━━ Data in this exercise ━━

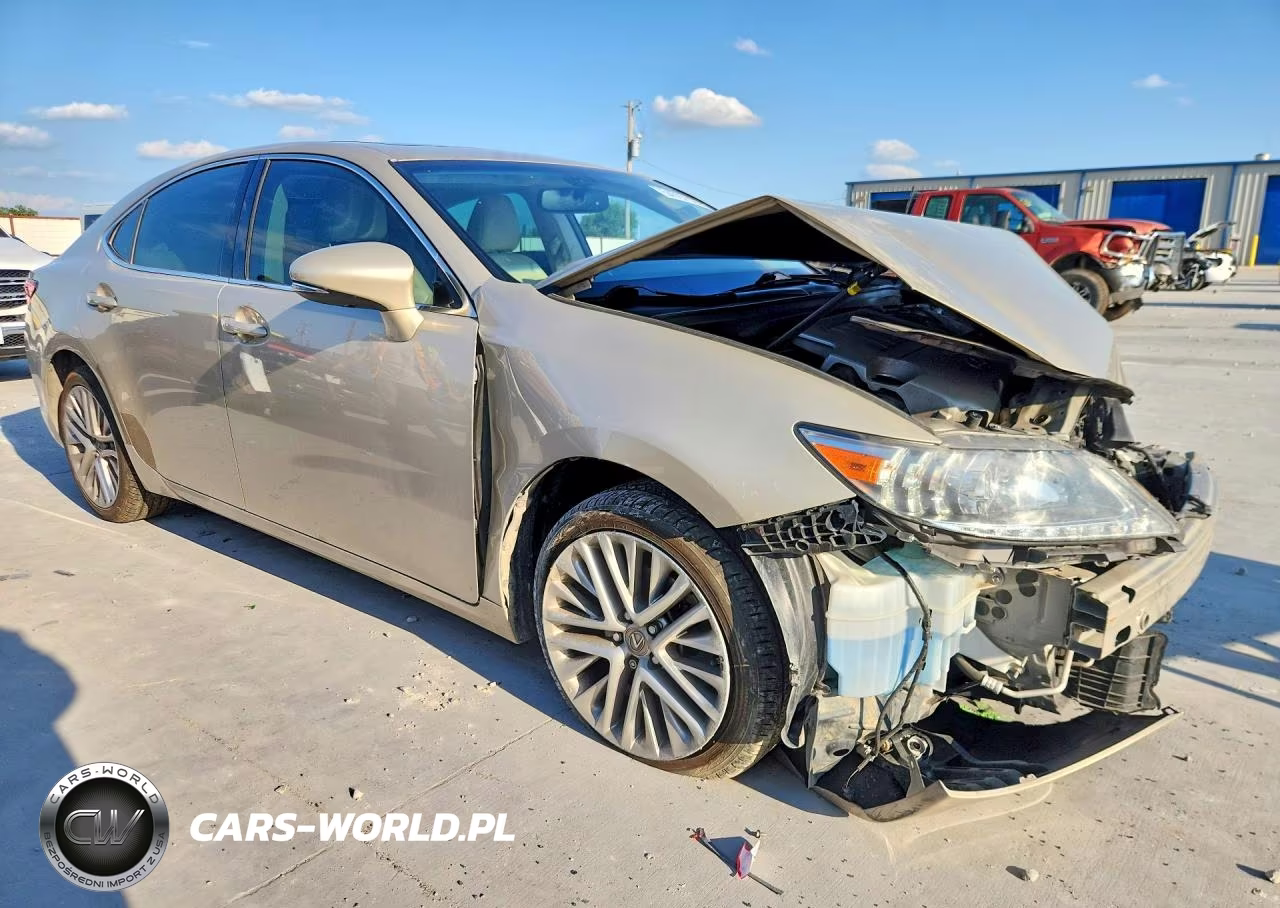 2013 Lexus Es 350 VIN:JTHBK1GG8D2028309 - 4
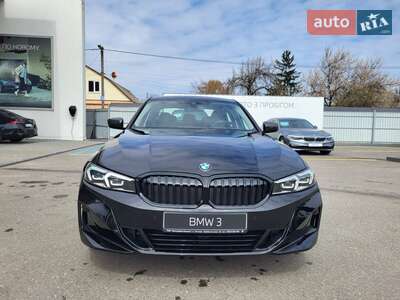 BMW 3 Series 2024 Base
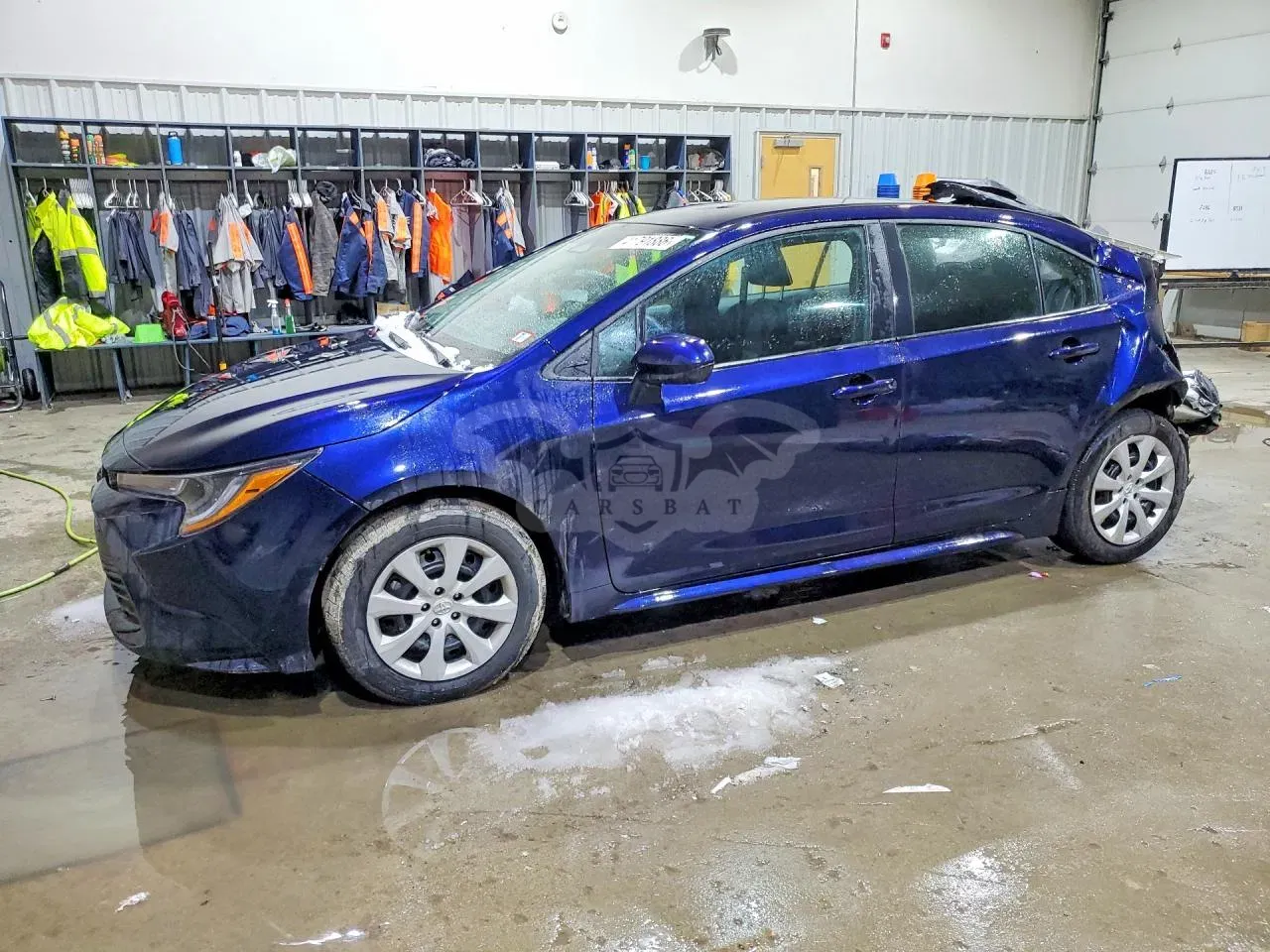 Toyota Corolla 2.0L 4 2024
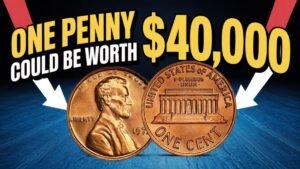 The Lincoln Cent Worth $40,000 That’s Still Circulating in the U.S.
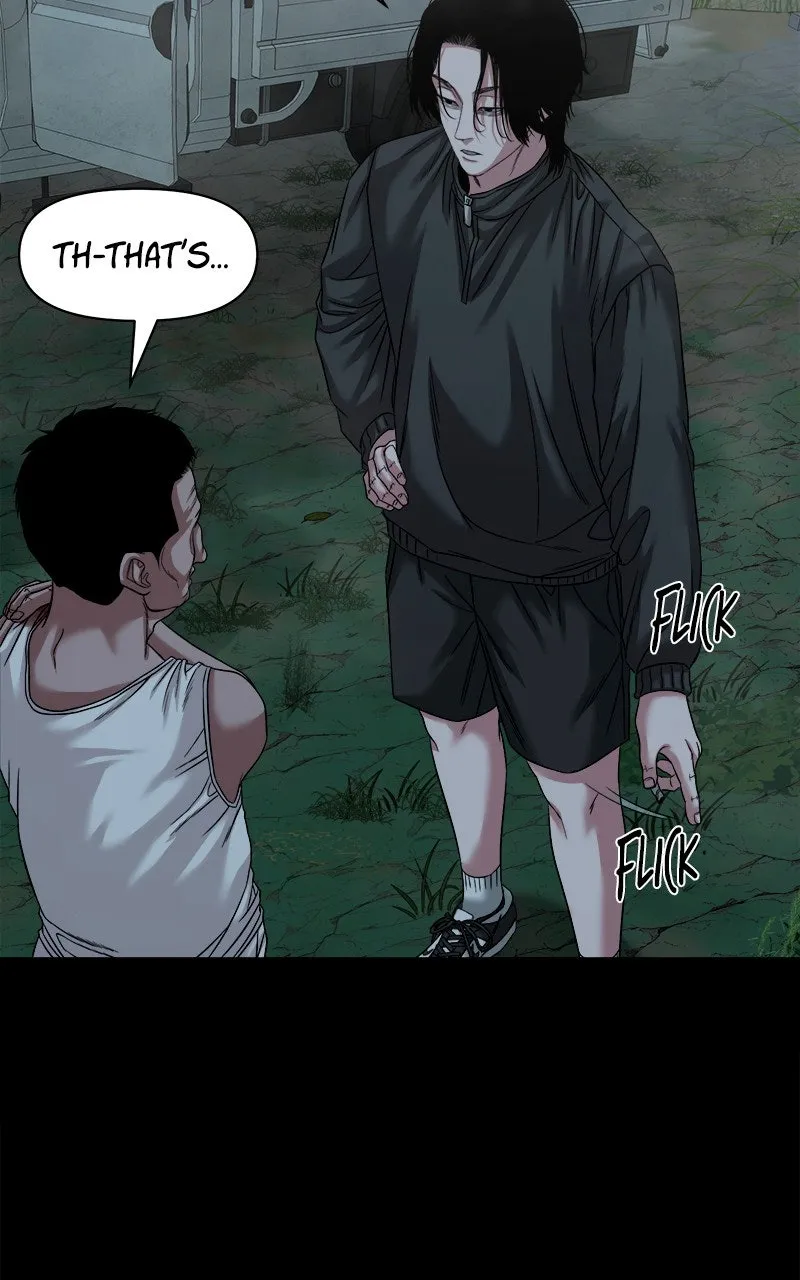 The Gwichon Village Mystery Chapter 54 page 85 -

━━━

Task details
Each entry above should be printed again word for word, with any picture dropped.

Written solution
 2013 Lexus Es 350 VIN:JTHBK1GG8D2028309 - 4
 BMW 3 Series 2024 Base
 Toyota Corolla 2.0L 4 2024
 The Lincoln Cent Worth $40,000 That’s Still Circulating in the U.S.
 The Gwichon Village Mystery Chapter 54 page 85 -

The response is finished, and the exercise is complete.